To a gamer, the title above might sound somewhat snide. But I’m sure there are people out there — non-gamers, I’d imagine — who would be surprised to read such a thing.
Matt Swayne, for Penn State News:
In a study of people’s experiences with video games, players indicated that they not only enjoyed playing games, but that they also frequently appreciated them at a deeper, more meaningful level. These findings should be encouraging to video game developers who want to invest in producing games that examine more meaningful, poignant or contemplative topics.
“Video games are often stereotyped as something that is just fun and entertaining, but not something that is deeply appreciated,” said Mary Beth Oliver, Distinguished Professor in Media Studies and co-director of Media Effects Research Laboratory, Penn State. “Video games do not seem to have the same critical acclaim as, for example, books and plays or even music.”

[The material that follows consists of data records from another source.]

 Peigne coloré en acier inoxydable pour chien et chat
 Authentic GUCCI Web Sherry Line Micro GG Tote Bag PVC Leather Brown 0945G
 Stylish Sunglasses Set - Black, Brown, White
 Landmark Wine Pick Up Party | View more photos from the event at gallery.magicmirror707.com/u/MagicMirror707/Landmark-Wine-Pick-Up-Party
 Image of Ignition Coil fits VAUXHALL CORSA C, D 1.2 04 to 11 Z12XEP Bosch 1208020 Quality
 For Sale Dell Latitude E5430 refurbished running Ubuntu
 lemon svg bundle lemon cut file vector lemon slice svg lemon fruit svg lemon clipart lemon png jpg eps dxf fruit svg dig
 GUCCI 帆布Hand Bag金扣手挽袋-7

Participants in the study suggested that story details in the game were critical to feelings of appreciation. They also indicated that more meaningful games were associated with heightened feelings of insight or enrichment.

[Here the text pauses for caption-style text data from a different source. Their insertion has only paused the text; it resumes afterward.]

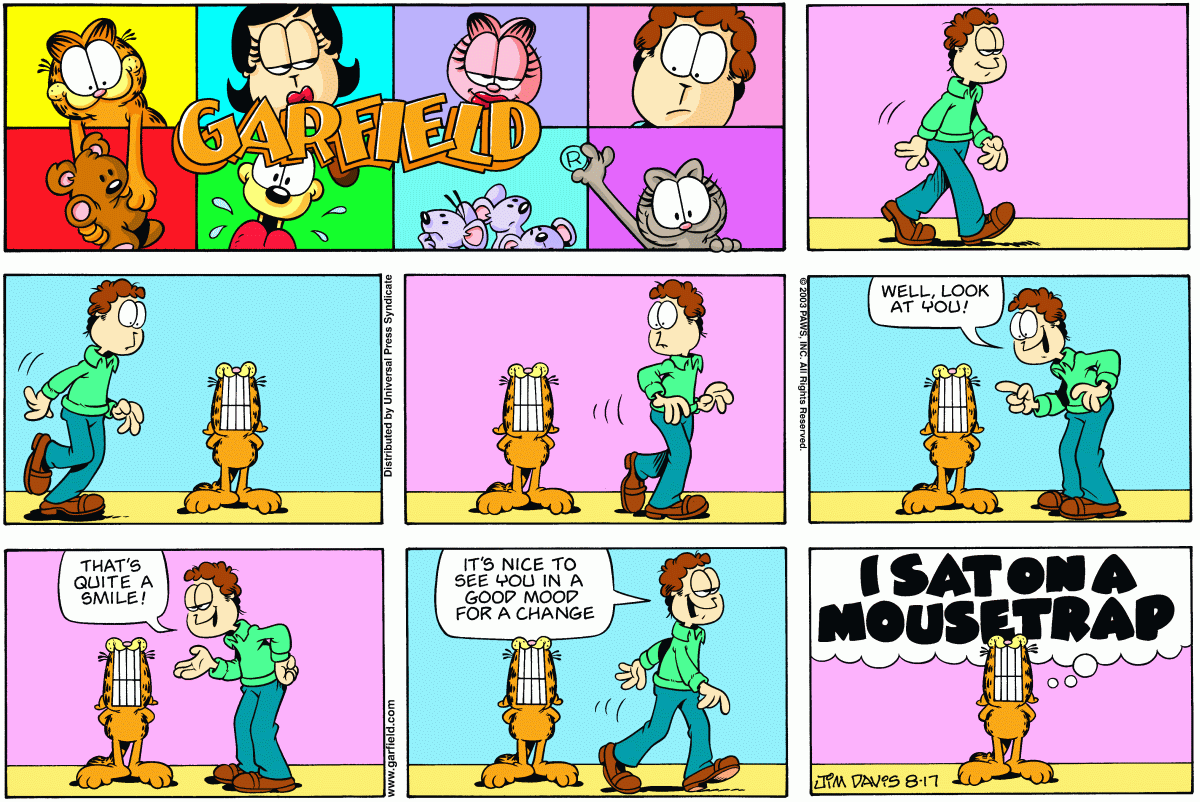 Garfield, August 17, 2003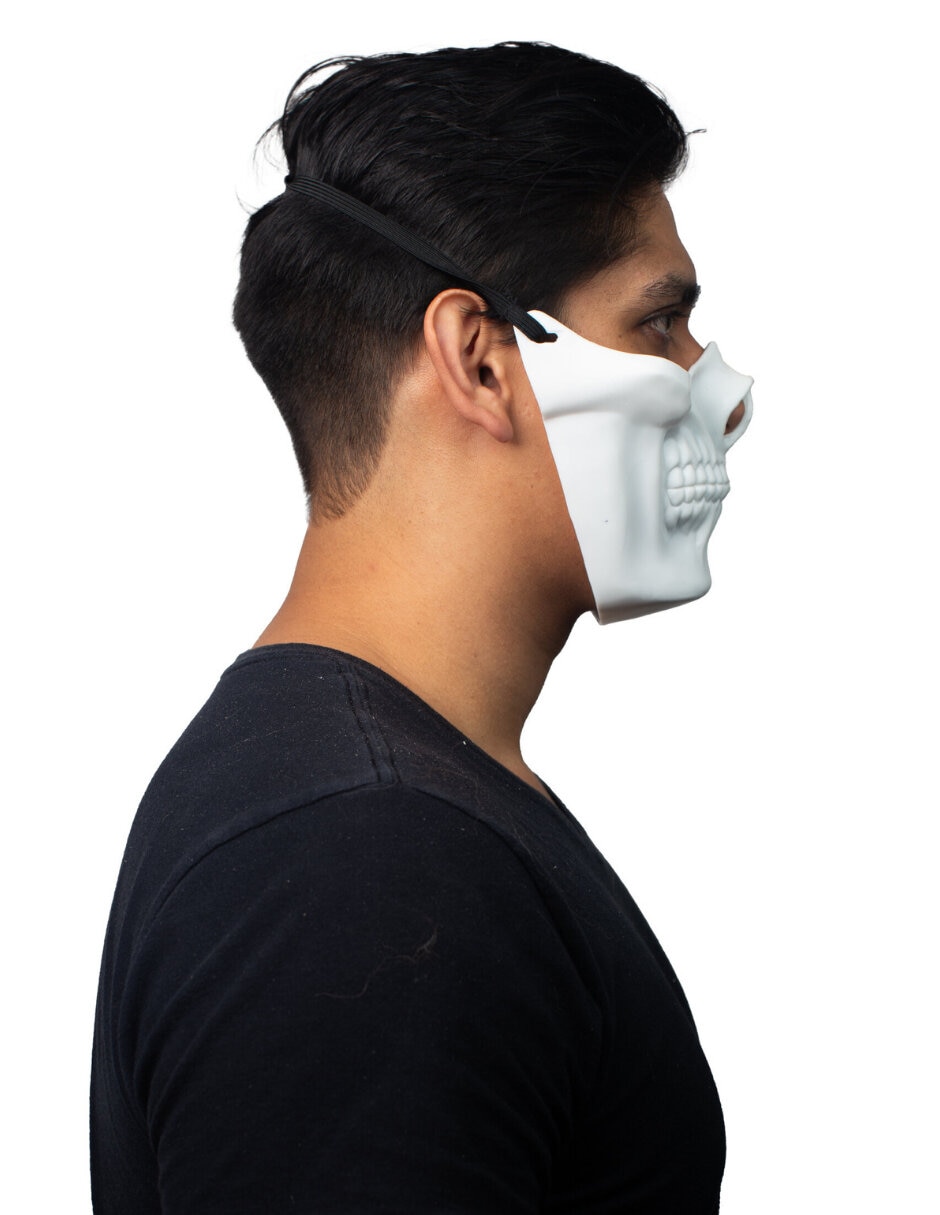 Máscara para disfraz de Skull Muzzle Máscaras Rígidas REV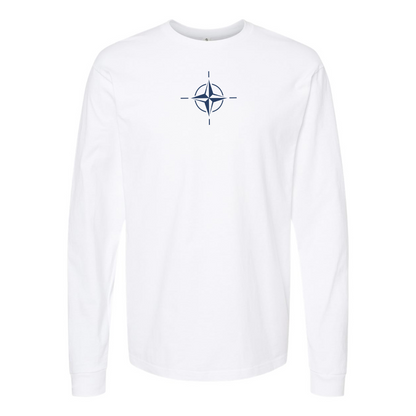 Men's Nato Emblem Logo Cotton Long Sleeve T-Shirt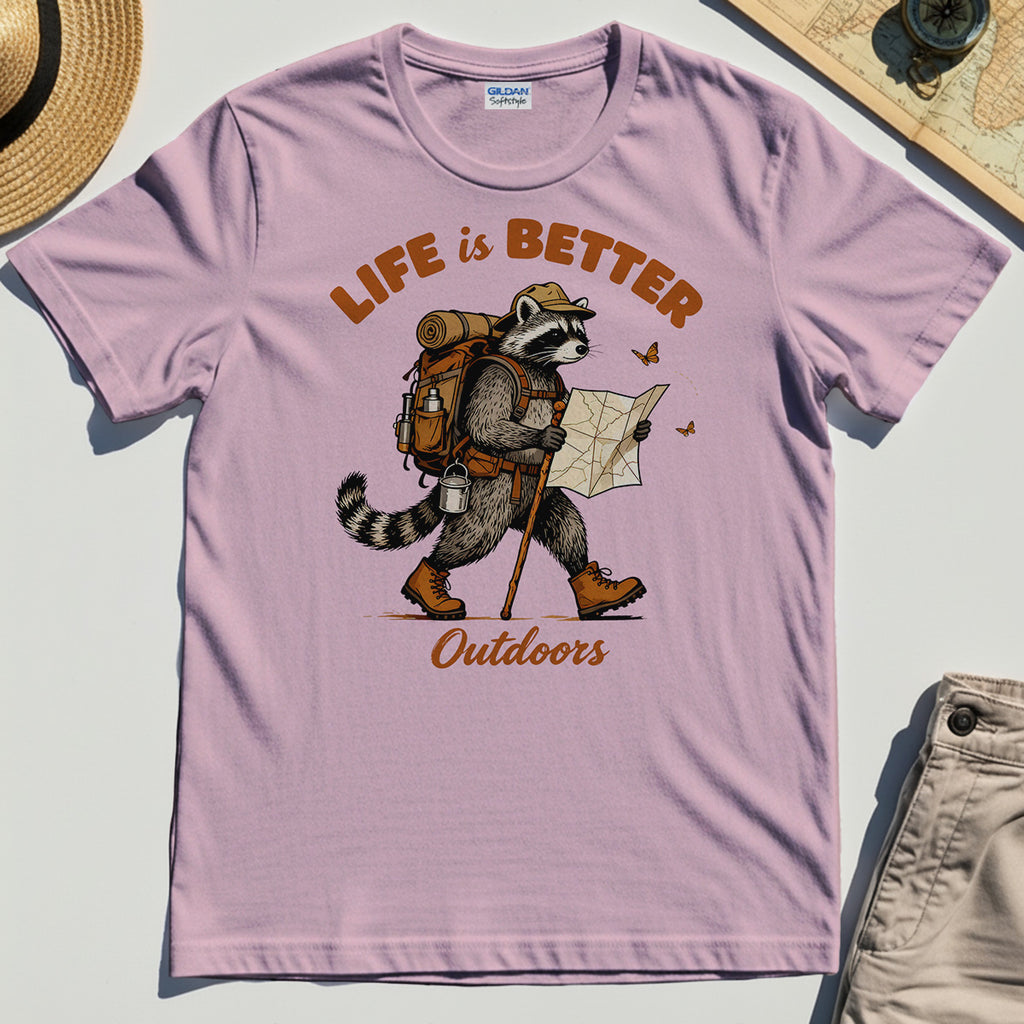 Raccoon "Life is Better Outdoors" T-Shirt 6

For a gamer who grew up playing Infocom’s text adventure games, it comes as no surprise that games can be immersive, compelling, and give you the sense that a thriving world exists independent of the user’s session. In the decades that followed that early era, games embraced pretty lights, and, with few exceptions, became roller coaster rides, going for the easy visceral thrill. And it was fun! But we’re entering a more exciting time for gamers. Virtual worlds are larger and more immersive than ever, sure. But developers seem to be embracing story and character development, which harkens back to those early Infocom adventures, where the narrative was all we had. It’s no longer just about the pretty lights.